|Running time:||93 minutes|
|Director:||Darren Lynn Bousman|
|Release date:||14 may 2021|
While Spiral has been released for a few days in the United States and we will have to wait until July 21st to discover it in theaters in France, we can only be happy to discover the atmosphere of a cinematographic saga that impressed us by its atmosphere and its torture of guilty people who have been able to escape the justice system. This is the ninth installment of the Saw film series and it is directed by Darren Lynn Bousman, who is making his fourth film in this cinematographic saga. We also find the original creators of the saga, James Wan and Leigh Whannell, as executive producers.
We had to wait four years after Jigsaw to find this visual universe in which people must undergo the worst possible tortures as a way to forgive their past faults. While the first installments featured the ingenious and psychopathic killer John Kramer (Tobin Bell) in the central role of these films and Jigsaw tried to propose a student trained by him in the role of the master of these sadistic games, this new chapter not only tries to relaunch the franchise but also to completely redesign the universe by proposing a different approach.
Spiral: The Legacy of Saw (Spiral) has the merit of amply fulfilling the specifications of this saga that made its success by proposing very violent torture scenes but also a game in which individuals must sacrifice a part of themselves (literally and figuratively) to stay alive. The first film became a classic horror thriller and allowed director James Wan to make a name for himself. He went on to direct the excellent Dead Silence (2007), The Conjuring (2013), Furious 7 (201) and Aquaman (2018). The other films of this cinematographic saga were content with a not always convincing direction to propose to the public what it expected, that is to say scenes of more and more violence, even if it meant proposing plots cruelly lacking in rhythm.

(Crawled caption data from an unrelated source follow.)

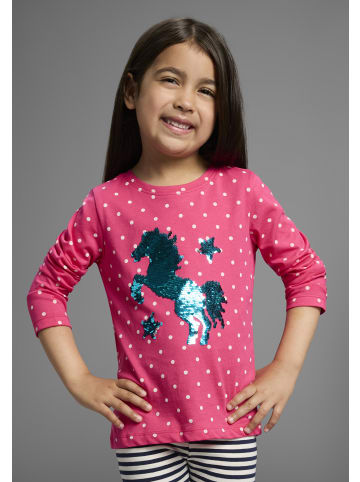 Kidsworld Langarmshirt in beere-gepunktet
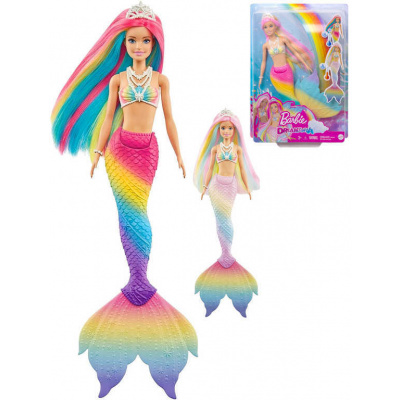 MATTEL BRB Dreamtopia Panenka Barbie mořská panna duhová mění barvu 25gtf89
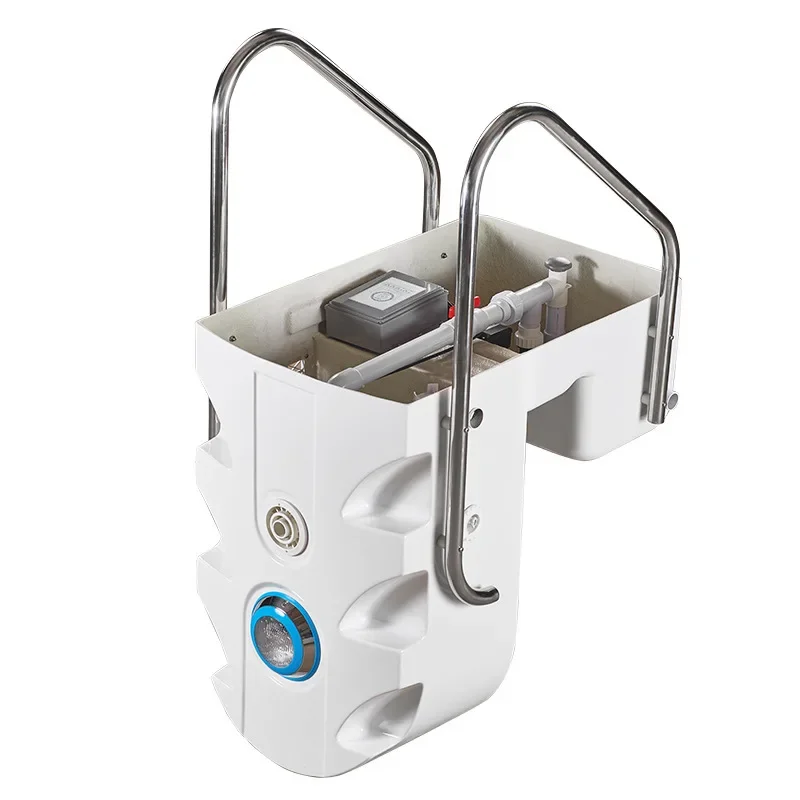 

Swimming pool wall-mounted machine filter integrated cleaning and disinfection Wall-mounted circulating water pump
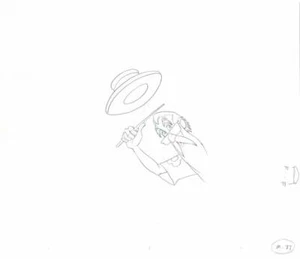 Merlin Magician Sword in the Stone Disney Animation Cel Drawing 2000s Disney 41 - Picture 1 of 1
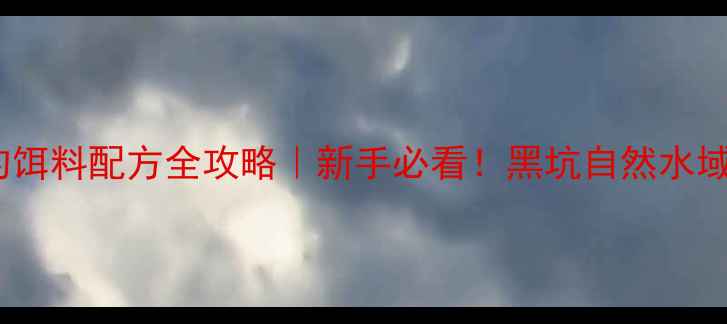 图片 🔥夏季台钓饵料配方全攻略｜新手必看！黑坑自然水域通杀技巧2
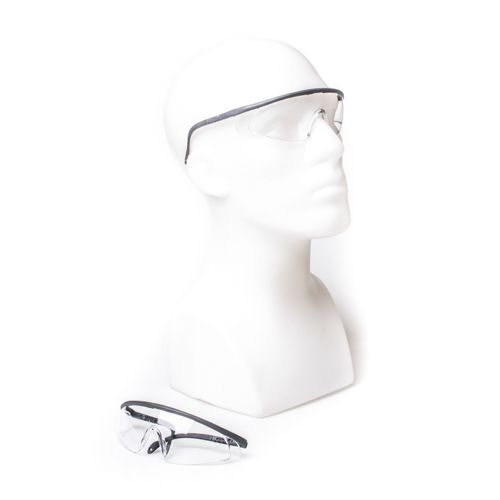 משקפי מגן ארגונומיים עדשות שקופות כהות בבליסטר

This time we can only acknowledge that the director Darren Lynn Bousman has amply achieved his mission by taking back the reins of this cinematographic saga and benefits not only from a more luxurious cast with the presence of actors Chris Rock and Samuel L. Jackson but also from a scenario that holds all its promises.
In Spiral, Detective Ezekiel Zeke Banks (Chris Rock) and his rookie partner (Max Minghella) and a veteran police officer, Marcus Banks (Ezekiel Zeke's father) (Samuel L. Jackson) find themselves embroiled in a murder investigation that is eerily reminiscent of the Jigsaw killer's in its sadism. Ezekiel Zeke finds himself on the front line and gradually sees his colleagues being massacred by a psychopathic killer.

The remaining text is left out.